Época de balanço por excelência, a chegada de um novo ano traz, por norma, grandes resoluções. É comum refazermos ou idealizarmos planos que outrora abandonámos ou nunca começámos. Passados 12 meses, são novamente reativados, num ciclo contínuo que se repete anualmente.

Se não é este o seu caso e consegue manter-se fiel às resoluções tomadas, está de parabéns! Acredite: não há muitas pessoas a orgulhar-se do mesmo. Se pelo contrário se identifica com o retrato traçado acima, está na hora de mudar e aplicar as suas resoluções.

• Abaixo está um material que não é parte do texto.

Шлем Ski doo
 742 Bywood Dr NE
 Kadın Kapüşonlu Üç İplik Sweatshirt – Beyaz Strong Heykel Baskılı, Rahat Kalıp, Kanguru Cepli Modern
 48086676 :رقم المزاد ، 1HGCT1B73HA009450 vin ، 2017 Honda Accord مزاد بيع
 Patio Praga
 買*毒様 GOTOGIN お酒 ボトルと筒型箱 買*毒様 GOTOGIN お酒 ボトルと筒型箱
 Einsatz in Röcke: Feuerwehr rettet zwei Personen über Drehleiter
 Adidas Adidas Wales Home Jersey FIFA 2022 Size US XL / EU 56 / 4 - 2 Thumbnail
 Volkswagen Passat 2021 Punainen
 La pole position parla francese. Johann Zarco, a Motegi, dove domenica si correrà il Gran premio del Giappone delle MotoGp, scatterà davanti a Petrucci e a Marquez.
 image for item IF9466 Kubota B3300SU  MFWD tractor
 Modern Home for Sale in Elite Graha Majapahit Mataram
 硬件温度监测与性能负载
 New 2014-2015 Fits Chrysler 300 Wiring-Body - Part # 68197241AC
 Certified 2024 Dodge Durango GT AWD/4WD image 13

A nossa sugestão é que defina uma estratégia realista que ajude a reajustar os seus desejos e recriar o seu dia a dia de uma forma mais positiva e saudável. Dentro de 12 meses, poderá alcançar um saldo muito positivo e uma verdadeira sensação de “missão cumprida”.

Mais pode ser menos

Muitas vezes, o problema de não aplicar as resoluções está relacionado com a quantidade de medidas que tentamos tomar em simultâneo. Comece por aquilo que realmente quer mudar, experimentar ou alcançar de novo. Deve, sobretudo, definir um número de objetivos realista, que seja possível cumprir.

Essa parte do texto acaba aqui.